A U.S. Senate committee postponed a vote on Daniel Pipes’ nomination on Wednesday because a quorum was not present.

But several Democrats on the Senate’s Health, Education, Labor and Pensions Committee blasted the selection of Pipes and criticized his writings on Muslims and Islam.

Pipes, an author and lecturer who has spoken out about the threat of Muslim fundamentalism, was nominated by the White House in April to sit on the board of the government-funded, nonpartisan think tank that promotes peaceful resolutions to international conflicts.

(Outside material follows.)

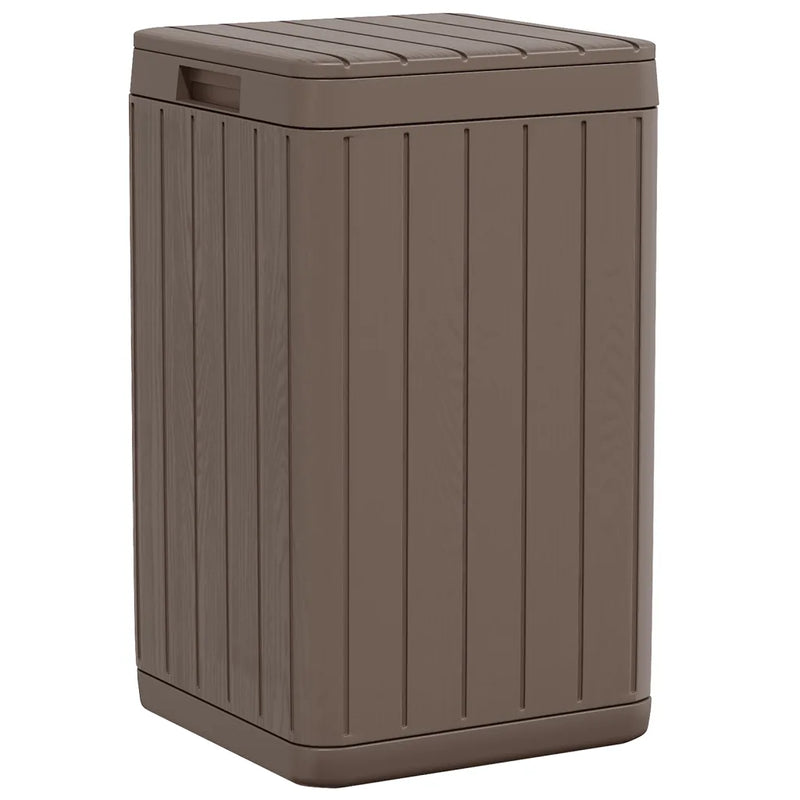 Outdoor Garbage Bin Brown 38x38x65 cm PP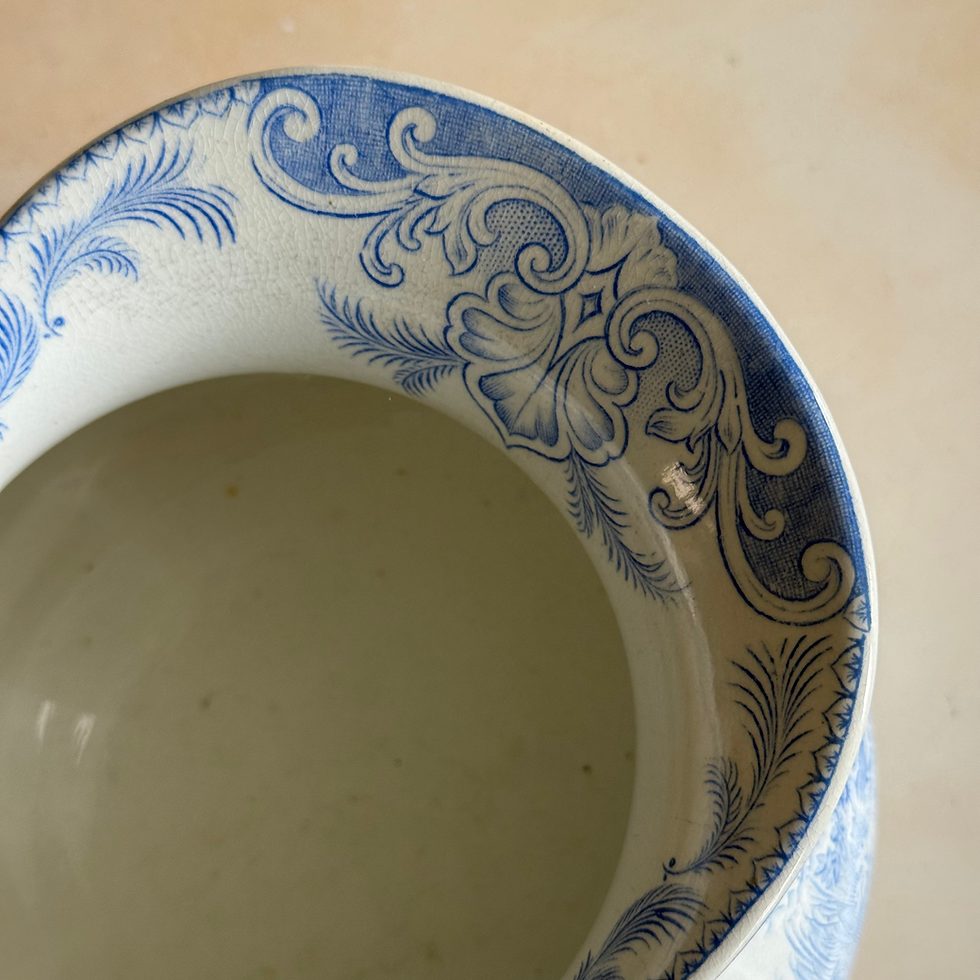 Miniature : Beautiful blue ducks antique water ewer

Pipes, the director of the Philadelphia-based Middle East Forum think tank, did not attend the hearing and told JTA on Wednesday that he could not discuss the nomination.

Pipes’ nomination has been vehemently opposed by Arab groups and backed by some prominent Jewish groups, including the American Israel Public Affairs Committee, the pro-Israel lobby, and the American Jewish Committee.

Several Democrats on the committee who are opposed to the nomination asked for a hearing on Pipes before a vote is called, saying more discussion was needed.

He called Pipes’ positions “realities” and said his writing does not mean he can not participate in the diplomatic process.

Pipes is being publicly supported by some Jewish groups, but there was no visibly pro-Pipes contingent attending the hearings.

The AJCommittee sent a letter to Bush in April, praising the appointment.

“You have selected an eminently qualified candidate with broad knowledge of the threats posed by extremist, anti-American interpretations of Islam — and with the wisdom not to confuse the militants who make up that movement with the vast body of decent, moderate adherents of a proud and vibrant faith,” said the letter, signed by the organization’s president, Harold Tanner, and executive director, David Harris.

After Wednesday’s Senate meeting, Harris urged quick confirmation.

“Rejecting this nomination would have a chilling effect on the important political discourse about the threat of Islamic radicalism,” Harris said.

“Through his careful research and insightful analysis, Dr. Pipes has for years played a crucial role in public discourse, alerting the American public to the dangers posed by extremist Islamism in this country and abroad. After Sept. 11, 2001, it became clear that Dr. Pipes’ warnings over the years had been remarkably prescient.”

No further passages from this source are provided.